[[ DATASET EXTRACT open ]]

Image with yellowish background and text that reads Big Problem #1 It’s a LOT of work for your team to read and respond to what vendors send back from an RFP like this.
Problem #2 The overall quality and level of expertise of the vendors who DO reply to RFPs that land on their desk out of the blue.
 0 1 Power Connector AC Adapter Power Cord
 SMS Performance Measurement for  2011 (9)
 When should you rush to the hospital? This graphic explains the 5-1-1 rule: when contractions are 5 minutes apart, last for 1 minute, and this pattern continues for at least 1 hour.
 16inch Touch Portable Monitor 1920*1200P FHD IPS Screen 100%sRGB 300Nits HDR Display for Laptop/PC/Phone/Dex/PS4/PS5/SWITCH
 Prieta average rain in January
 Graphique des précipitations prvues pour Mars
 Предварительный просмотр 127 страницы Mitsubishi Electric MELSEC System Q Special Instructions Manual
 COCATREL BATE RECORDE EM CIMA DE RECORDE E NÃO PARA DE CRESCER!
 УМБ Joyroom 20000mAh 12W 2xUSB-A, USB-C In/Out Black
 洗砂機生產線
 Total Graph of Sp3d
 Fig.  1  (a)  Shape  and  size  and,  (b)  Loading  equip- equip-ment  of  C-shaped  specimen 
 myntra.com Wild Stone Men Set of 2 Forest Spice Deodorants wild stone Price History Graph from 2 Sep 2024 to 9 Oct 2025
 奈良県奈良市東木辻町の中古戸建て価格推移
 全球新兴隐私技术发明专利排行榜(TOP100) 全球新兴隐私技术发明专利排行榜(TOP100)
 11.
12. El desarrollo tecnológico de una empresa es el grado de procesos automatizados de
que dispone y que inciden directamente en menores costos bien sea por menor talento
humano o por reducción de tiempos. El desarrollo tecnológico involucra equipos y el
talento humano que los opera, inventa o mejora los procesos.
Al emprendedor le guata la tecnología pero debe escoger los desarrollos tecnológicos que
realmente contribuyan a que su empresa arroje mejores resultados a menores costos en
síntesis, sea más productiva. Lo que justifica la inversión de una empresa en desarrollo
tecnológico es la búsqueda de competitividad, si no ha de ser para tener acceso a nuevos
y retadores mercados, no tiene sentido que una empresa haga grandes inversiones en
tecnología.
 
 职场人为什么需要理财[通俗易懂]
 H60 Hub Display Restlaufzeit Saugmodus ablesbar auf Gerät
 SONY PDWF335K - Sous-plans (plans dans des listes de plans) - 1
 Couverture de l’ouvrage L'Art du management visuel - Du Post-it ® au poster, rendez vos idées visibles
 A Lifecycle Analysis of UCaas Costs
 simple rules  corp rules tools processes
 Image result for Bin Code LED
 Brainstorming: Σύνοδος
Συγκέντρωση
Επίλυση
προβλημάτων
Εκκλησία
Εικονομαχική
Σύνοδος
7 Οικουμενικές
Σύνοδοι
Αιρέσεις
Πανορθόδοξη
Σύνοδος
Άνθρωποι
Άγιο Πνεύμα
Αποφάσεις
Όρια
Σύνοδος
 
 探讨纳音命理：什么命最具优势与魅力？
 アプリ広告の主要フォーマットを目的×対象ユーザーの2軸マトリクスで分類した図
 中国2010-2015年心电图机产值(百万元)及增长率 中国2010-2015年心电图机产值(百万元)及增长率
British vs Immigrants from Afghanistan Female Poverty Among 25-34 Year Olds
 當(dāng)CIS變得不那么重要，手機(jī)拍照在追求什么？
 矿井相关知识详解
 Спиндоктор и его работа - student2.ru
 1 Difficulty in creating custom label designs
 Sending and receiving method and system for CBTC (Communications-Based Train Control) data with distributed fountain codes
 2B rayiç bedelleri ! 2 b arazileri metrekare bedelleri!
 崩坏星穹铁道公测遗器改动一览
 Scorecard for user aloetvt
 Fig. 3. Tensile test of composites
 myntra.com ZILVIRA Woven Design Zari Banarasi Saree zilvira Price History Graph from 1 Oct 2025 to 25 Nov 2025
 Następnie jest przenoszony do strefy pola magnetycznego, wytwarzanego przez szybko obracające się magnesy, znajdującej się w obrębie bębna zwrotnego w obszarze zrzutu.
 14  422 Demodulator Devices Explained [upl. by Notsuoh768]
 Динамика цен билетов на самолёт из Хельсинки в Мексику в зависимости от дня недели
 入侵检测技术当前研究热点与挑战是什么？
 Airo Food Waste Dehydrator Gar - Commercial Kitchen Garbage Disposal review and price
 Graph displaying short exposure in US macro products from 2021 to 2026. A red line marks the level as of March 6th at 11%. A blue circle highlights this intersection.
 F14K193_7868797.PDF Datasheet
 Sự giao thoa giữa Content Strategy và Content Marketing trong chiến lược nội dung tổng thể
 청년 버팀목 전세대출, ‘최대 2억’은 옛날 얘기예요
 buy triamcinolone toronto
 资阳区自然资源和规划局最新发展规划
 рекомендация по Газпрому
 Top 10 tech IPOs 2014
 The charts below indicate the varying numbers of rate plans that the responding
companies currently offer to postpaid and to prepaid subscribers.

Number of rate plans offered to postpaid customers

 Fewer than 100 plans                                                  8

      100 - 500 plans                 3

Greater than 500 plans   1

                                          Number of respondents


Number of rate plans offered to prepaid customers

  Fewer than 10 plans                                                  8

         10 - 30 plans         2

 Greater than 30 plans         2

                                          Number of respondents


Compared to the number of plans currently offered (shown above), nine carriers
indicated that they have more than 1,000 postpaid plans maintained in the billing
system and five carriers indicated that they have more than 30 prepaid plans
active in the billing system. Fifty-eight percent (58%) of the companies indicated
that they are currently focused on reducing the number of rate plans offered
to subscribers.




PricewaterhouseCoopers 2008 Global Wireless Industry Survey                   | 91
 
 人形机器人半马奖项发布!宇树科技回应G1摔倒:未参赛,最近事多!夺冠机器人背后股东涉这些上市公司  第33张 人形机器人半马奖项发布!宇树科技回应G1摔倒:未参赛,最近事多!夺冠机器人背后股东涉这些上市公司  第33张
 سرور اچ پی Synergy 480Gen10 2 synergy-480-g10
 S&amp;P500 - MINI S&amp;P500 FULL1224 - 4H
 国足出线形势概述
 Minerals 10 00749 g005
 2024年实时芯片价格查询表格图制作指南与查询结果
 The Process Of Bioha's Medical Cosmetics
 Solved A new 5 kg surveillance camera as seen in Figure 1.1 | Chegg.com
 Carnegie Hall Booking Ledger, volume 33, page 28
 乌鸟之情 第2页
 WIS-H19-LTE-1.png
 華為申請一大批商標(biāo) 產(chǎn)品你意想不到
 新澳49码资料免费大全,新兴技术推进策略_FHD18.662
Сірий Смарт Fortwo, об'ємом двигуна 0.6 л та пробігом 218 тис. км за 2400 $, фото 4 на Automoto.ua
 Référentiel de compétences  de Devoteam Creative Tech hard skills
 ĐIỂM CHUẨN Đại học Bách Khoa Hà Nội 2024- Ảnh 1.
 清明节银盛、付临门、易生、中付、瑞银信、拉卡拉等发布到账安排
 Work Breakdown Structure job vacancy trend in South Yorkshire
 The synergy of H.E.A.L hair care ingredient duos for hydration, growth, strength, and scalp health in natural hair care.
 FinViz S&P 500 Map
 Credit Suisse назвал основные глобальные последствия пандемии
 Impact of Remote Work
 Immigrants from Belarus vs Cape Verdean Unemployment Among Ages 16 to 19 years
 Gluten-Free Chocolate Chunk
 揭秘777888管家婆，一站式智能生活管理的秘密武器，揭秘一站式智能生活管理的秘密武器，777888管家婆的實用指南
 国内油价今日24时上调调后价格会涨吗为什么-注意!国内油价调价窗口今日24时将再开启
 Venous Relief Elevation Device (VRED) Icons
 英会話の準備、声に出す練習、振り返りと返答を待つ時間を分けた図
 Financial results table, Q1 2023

[[ DATASET EXTRACT closed ]]

In the data above, find each line that has the word "currently" and copy it out.

| RESULT |
companies currently offer to postpaid and to prepaid subscribers.
Compared to the number of plans currently offered (shown above), nine carriers
that they are currently focused on reducing the number of rate plans offered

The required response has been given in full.